Me invocará y lo escucharé; lo defenderé, lo glorificaré, lo saciaré de largos días (Sal 91 (90),15s).La antífona de entrada de la eucaristía nos sitúa ante la celebración y nos invita a estar todos unánimes en un mismo sentir y tono celebrativo.
Al comenzar la cuaresma, hay dos polos claramente marcados. Por un lado, el final del itinerario por este desierto: el misterio pascual. Por otro, el punto de partida: nuestra pequeñez. Ésta tiene los más variados matices y dimensiones, desde la limitación de una criatura hasta el pecado, de lo concreto e individual mío hasta las miserias de la Iglesia en nuestro hoy. Aunque por grande que sea la pequeñez nunca tiene una ausencia absoluta de Dios.
En la antífona de entrada de este primer domingo de cuaresma, Jesús nos llama desde su victoria pascual. Y esa vocación llega a nuestro aquí y ahora. Si solamente tuviéramos nuestra pequeñez, viviríamos o en la más absoluta desesperación o en un estado de narcosis profunda. Pero, en ella, suena su voz, su llamada, su convocatoria.
A la celebración acudimos quienes hemos sentido la voz del Salvador en nuestra pequeñez y miseria, en nuestra imposibilidad de autosalvarnos; respondemos a una con-vocación. Y nos congregamos, en torno al altar, movidos por la esperanza en la salvación eterna.
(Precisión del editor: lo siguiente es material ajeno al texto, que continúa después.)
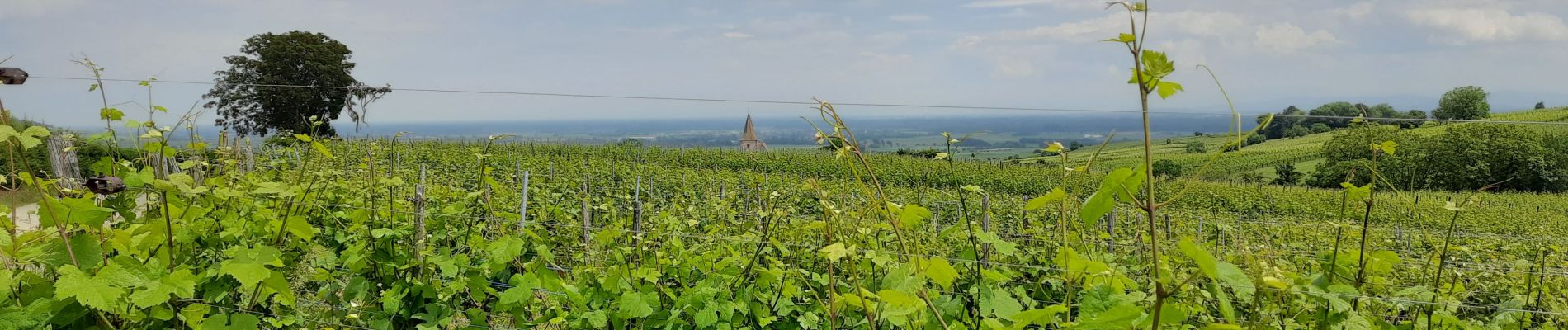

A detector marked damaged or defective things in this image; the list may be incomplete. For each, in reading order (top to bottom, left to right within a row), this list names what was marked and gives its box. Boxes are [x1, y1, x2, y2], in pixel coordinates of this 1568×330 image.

rusty metal object [0, 67, 26, 84]
rusty metal object [85, 174, 125, 195]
Sí, ya la hemos experimentado en el bautismo, y por ello vivimos esperanzados, porque en él hemos recibido anticipadamente lo que esperamos.
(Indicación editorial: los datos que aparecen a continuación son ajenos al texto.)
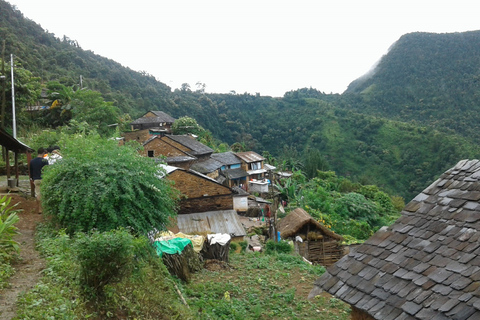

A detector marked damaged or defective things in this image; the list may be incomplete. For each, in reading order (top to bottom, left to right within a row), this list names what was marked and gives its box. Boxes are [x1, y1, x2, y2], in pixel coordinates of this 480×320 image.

rusty metal roof [175, 210, 246, 238]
Y, convocados desde la victoria pascual, nuestra asistencia a la celebración es respuesta a esa palabra. La misa es diálogo. Jesús, el Resucitado, nos ha llamado y prometido que escuchará nuestras palabras que son respuesta a su esperanzadora invitación. En la celebración, lo invocamos y Él nos escucha. Desde nuestra indefensión y animados por Él, lo llamamos y sale en nuestro auxilio. Desde la oscuridad, porque nos promete, clamamos y derrama en nosotros su gloria. Desde la muerte, lo llamamos y nos da vida eterna.